The new NVIDIA GH200 chips hold a lot of promise because of their high CPU->GPU memory bandwidth (7x the H100 DGX setup). Node to node communication along is supported by InfiniBand HDR 200Gbps non-blocking and ConnectX-7 NIC ratio for GPUDirect RDMA. NVIDIA has published some impressive raw numbers.
We ran some initial real world tests comparing a new batch of GH200 96GB GPU memory, 480GB node memory nodes that we got from Lambda Labs. We did the initial tests on CUDA 12.2 and are waiting to repeat this with CUDA 12.3 which has some additional optimizations for CPU->GPU memory paging.
To run tests on the GH200, we had to compile various libraries like Flash Attention, xformers, VLLM on CUDA 12.2 and ARM64 (the Grace Hopper CPU has ARM silicon). You can find the Docker image published at: ghcr.io/abacusai/gh200-llm/llm-train-serve:latest
The main use cases that we were interested in testing were inference on large context requests on large models and full finetuning of smaller 13B and 7B models.
We compared 4 H100 (on a 8xH100 DGX) and 4 GH200 MGX nodes serving Abacus Giraffe (a finetuned Llama2 70B 32k context LLM. We used Flash Attention 2 and VLLM for serving these models.
Input Tokens | Output Tokens | Concurrency | 4xH100 Time (secs) | 4xGH200 Time (secs) | Improvement | |
---|---|---|---|---|---|---|
1 | 31,242 | 100 | 1 | 18.229 | 9.699 | 87.94% |
2 | 3,349 | 100 | 8 | 13.836 | 8.271 | 67.28% |
Numbers are promising, we get almost a 2x improvement in latency at larger contexts.

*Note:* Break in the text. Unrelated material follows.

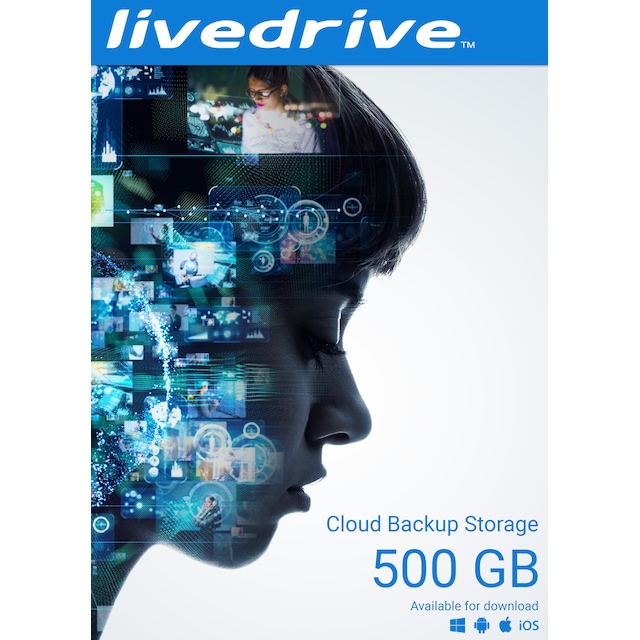 Livedrive Cloud Backup Storage - 500 GB - 1 PC/MAC + 3 Mobile Devices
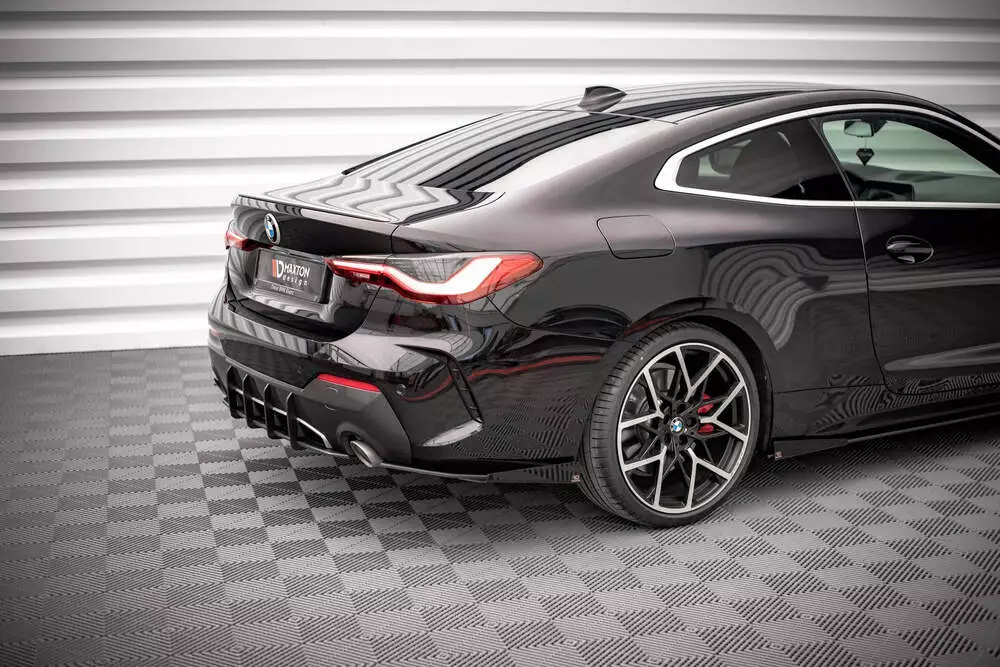 Street Pro Rear Side Splitters + Flaps Bmw 4 M-pack G22 / G23 / G22 Facelift / G23 Facelift - Image 2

We compared full finetuning on a 13B base model (not LoRA) between 2 H100s and 1 GH200 with Deepspeed gradient offloads to CPU.
Hardware | Micro Batch Size | Batch Size | Secs/iteration |
---|---|---|---|
2xH100 | 64 | 128 | 14 |
1xGH200 | 128 | 128 | 10 |
A 56% improved with 1/2 the number of nodes makes this fairly appealing especially given that keeping the training to a single node reduces a lot of operational complexity.